Sample data limitations and guidelines

  • Sample data via Edge may require additional Edge site memory, CPU and disk space.
  • Currently, you can only request sample data via Edge for Table and Column assets.
  • Sample data for data sources registered via Edge is temporarily cached on the Edge site. In the cache, the sample data is not encrypted. This means that the data is available in clear text in the Edge cache for 24-48 hours. Only the key that allows to identify the sample data's origin is encrypted.
  • For performance reasons, the number of samples to display must be less than 1,000. This limit is configurable in the Maximum number of samples setting, in the Data Profiling section. The default value is 100. The maximum value is 1,000.

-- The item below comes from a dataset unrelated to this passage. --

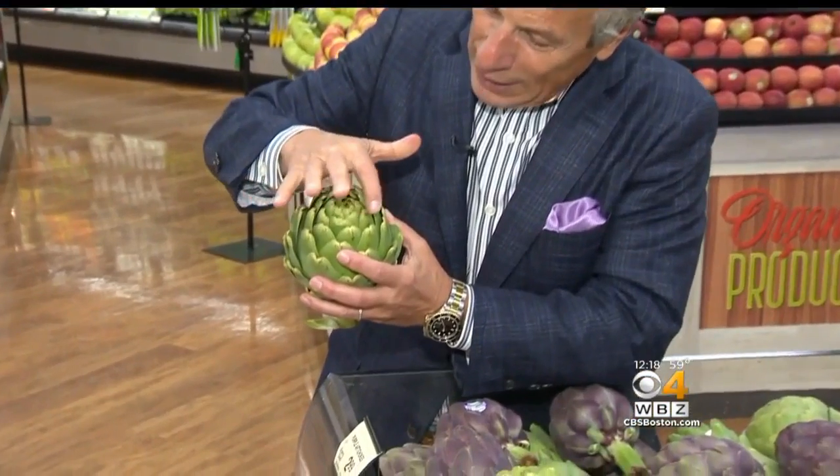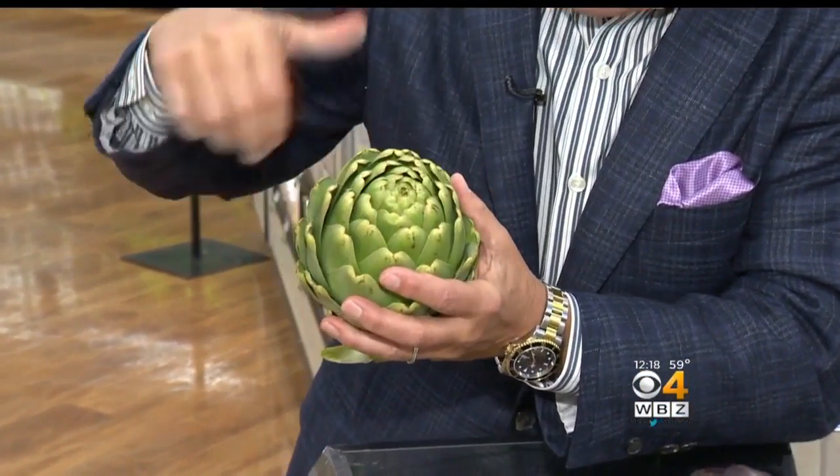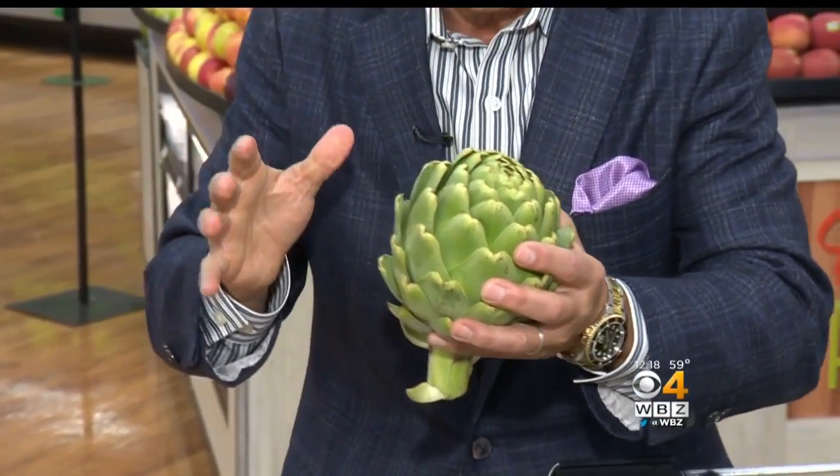When you buy them, make sure right here — the center, the leaves are nice and tight. The tighter all the way around, the better they're going to be. Squeeze it all the way around, make sure it's nice and squeaky.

    Go to Configure the use of sample data via Edge or Configure the use of sample data via Jobserver.
  • For performance reasons, avoid sampling tables with more than 1,500 columns.
    This limit is not configurable at the moment.
  • The sampling feature always uses push-down sampling if push-down sampling is available for the data source. Push-down sampling increases the sample data extraction speed.
    We advise to only allow sampling on data sources that support push-down sampling. To know if your data source allows for push-down sampling (called partial scan in Edge), go to Data sources supported by Edge or Overview of Collibra-provided JDBC drivers (Jobserver).

    Note If you try sampling on a data source that does not allow push-down sampling, the sample data extraction time is proportional to the database table size. The bigger the table, the longer it will take to retrieve the samples.